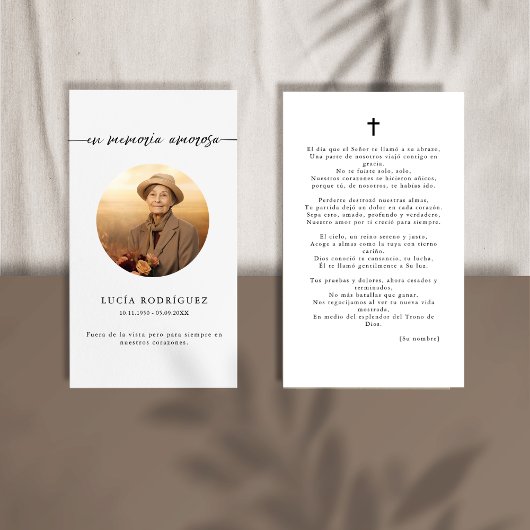 Carte de prière photo pour les funérailles espagno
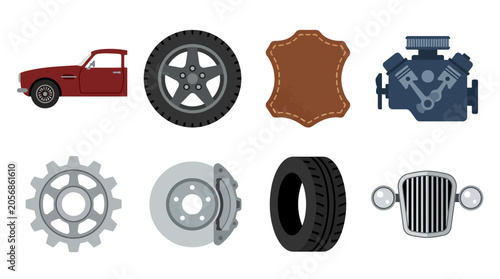 Bild auf Leinwand Collection of automotive parts and vehicle illustrations.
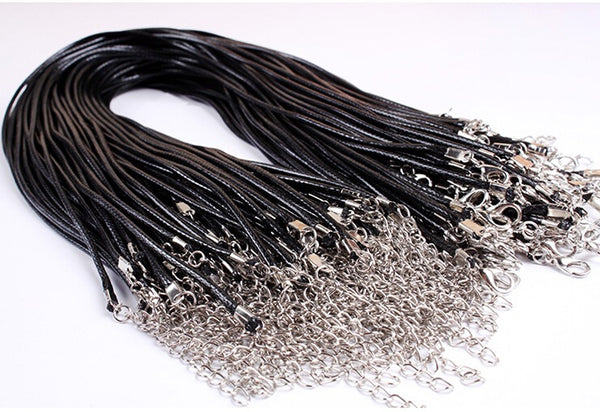 Wax Black Leather Necklace Chain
*****
EXERCISE PROMPT
The material above is to be set down exactly, with pictures removed.

ANSWER FOR THIS EXERCISE
 Carte de prière photo pour les funérailles espagno
 Bild auf Leinwand Collection of automotive parts and vehicle illustrations.
 Wax Black Leather Necklace Chain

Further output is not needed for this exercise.